Tranzparenz: Seriöse Anbieter geben sich klar zu erkennen. Sie haben ein leicht zu findendes Impressum mit kompletter Anschrift und dem Namen des Geschäftsführers oder Inhabers. Auch eine preiswerte Service-Telefonnummer und klare Geschäftsbedingungen sprechen für den Verkäufer. Zudem sollten Versandarten, Transportkosten und Lieferzeiten genannt werden.
Siegel: Viele Shops werden von unabhängigen Experten geprüft und mit Zertifikaten oder Siegeln ausgezeichnet.

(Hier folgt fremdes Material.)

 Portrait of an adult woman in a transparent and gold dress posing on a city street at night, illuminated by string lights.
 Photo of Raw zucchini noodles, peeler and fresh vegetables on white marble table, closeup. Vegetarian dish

Dazu gehören das System "Geprüfter Online-Shop EHI", "S@fer-Shopping" vom TÜV Süd und "Trusted Shops". Viele Siegel sind wenig vertrauenswürdig und die Halbwertzeit ist eher kurz.
Erfahrungsaustausch: Auf vielen Einkaufs-, Preisvergleichs- und Auktionsseiten können Kunden die Verkäufer bewerten. Die Meinungen bieten keine absolute Sicherheit, helfen aber bei der Orientierung.
Preisvergleich: Einkäufe im Internet sind nicht grundsätzlich günstiger. Käufer sollten daher Preise vergleichen, ehe sie ihr Geschenk im Netz ordern. Vor allem auf versteckte Kosten etwa für den Versand gilt es zu achten.
Sicher bezahlen: Bank- und Kreditkartendaten müssen über eine sichere Internetverbindung übertragen werden. Die ist erkennbar an den Buchstaben https in der Adresszeile und dem Schloss-Symbol, das der Browser anzeigt. Am sichersten ist die Zahlung auf Rechnung oder per Nachnahme. Viele Anbieter verlangen jedoch Vorauskasse. Sicherheit bietet hier ein sogenannter Treuhandservice, der erst überweist, wenn der Händler auch geliefert hat.
Dokumentation: Online-Weihnachts-Shopper sollten ihren Einkauf gut dokumentieren und die einzelnen Bestellschritte inklusive der Geschäftsbedingungen ausdrucken oder speichern. Auch E-Mails mit Orderbestätigungen oder Versandstatus sollten aufbewahrt werden.
Widerrufsrecht: Der Käufer kann das Produkt binnen zwei Wochen ohne Angabe von Gründen zurückschicken. Die Frist beginnt frühestens mit dem Erhalt der Ware und einer schriftlichen Widerrufsbelehrung. Informiert der Verkäufer den Kunden nicht, dass dieser den Vertrag widerrufen kann, gibt es keine Frist. Für bestimmte Waren wie Reisen, Konzertkarten, individuell angefertigte oder verderbliche Produkte sowie kopierbare Datenträger wie CDs, DVDs und Software ohne Originalverpackung ist die Rückgabe allerdings ausgeschlossen.